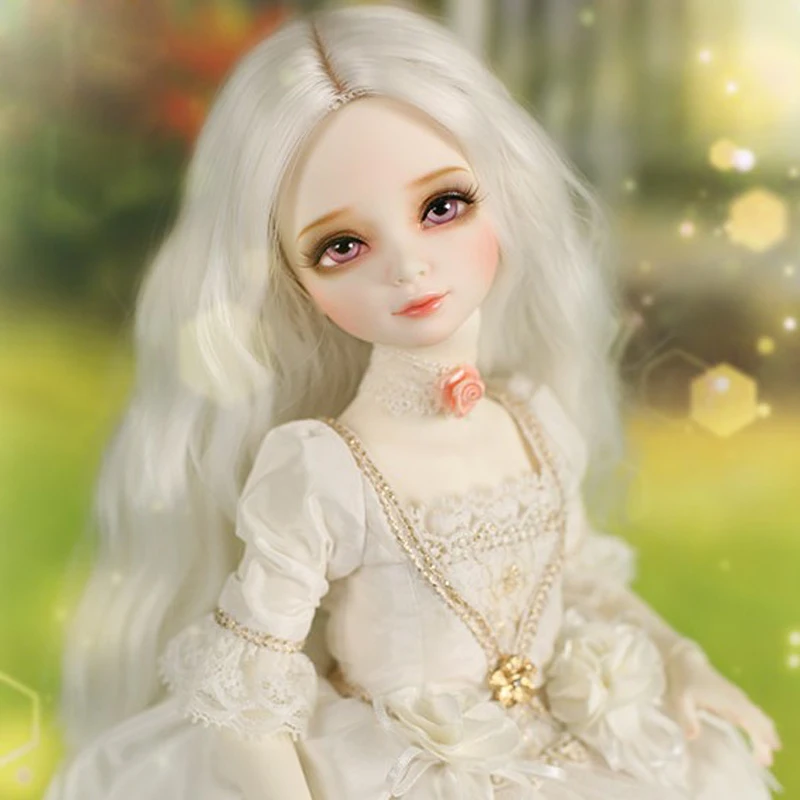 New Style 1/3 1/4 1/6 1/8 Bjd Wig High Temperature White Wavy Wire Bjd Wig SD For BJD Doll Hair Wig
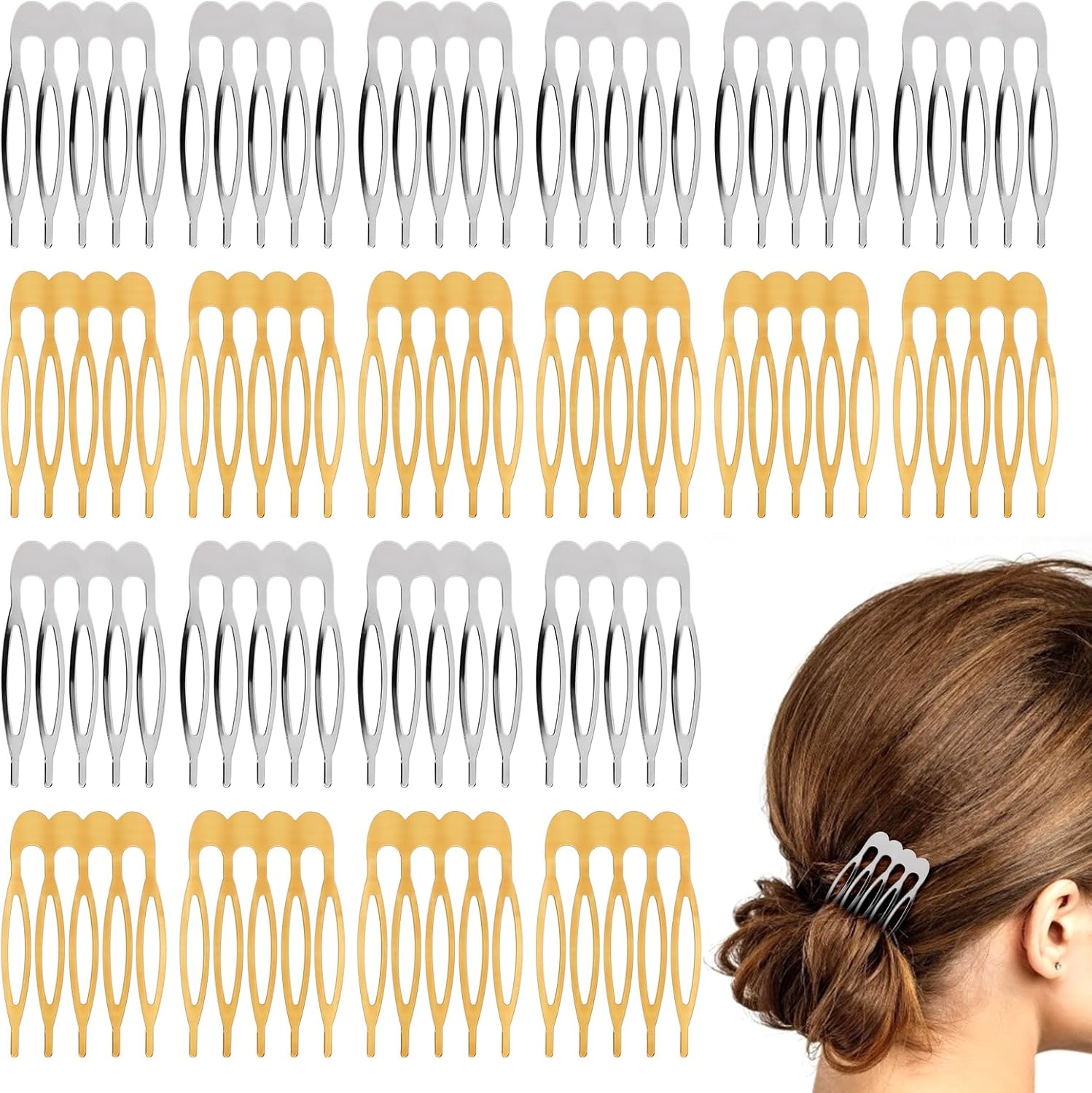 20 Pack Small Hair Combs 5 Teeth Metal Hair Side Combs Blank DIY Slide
________________________________________
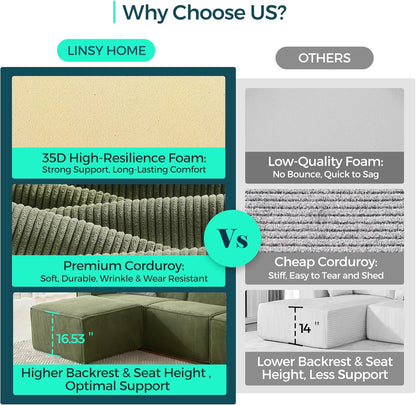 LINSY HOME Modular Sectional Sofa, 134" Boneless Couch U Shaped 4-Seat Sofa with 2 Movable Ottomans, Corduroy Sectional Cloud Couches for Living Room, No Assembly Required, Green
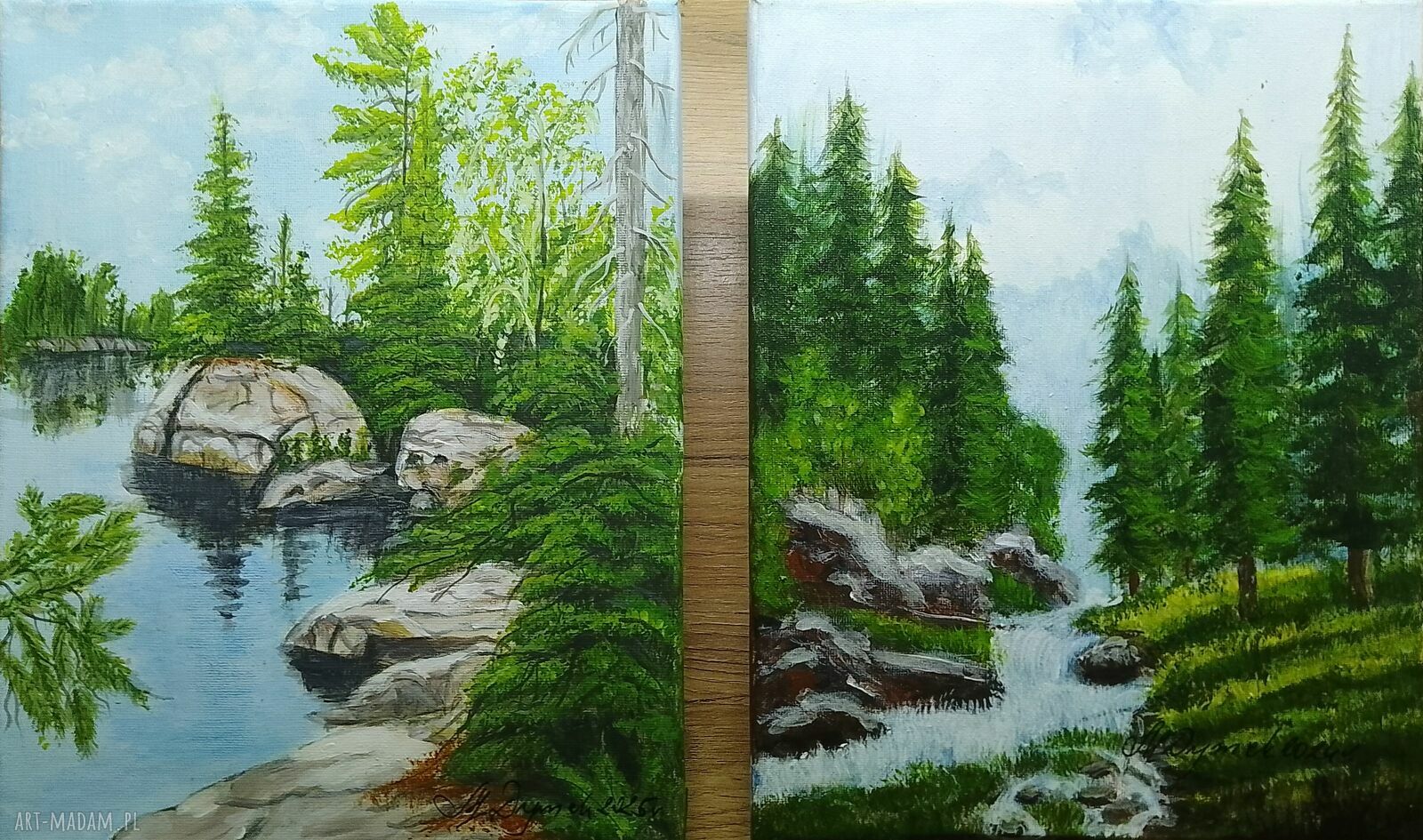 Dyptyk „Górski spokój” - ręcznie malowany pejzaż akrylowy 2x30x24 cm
________________________________________
DIRECTIONS FOR THIS TASK – From the line with "New Style 1/3" up to and including the line with "20 Pack Small" above, retype every line exactly and nothing more; leave out the pictures.

EXERCISE RESPONSE –
 New Style 1/3 1/4 1/6 1/8 Bjd Wig High Temperature White Wavy Wire Bjd Wig SD For BJD Doll Hair Wig
 20 Pack Small Hair Combs 5 Teeth Metal Hair Side Combs Blank DIY Slide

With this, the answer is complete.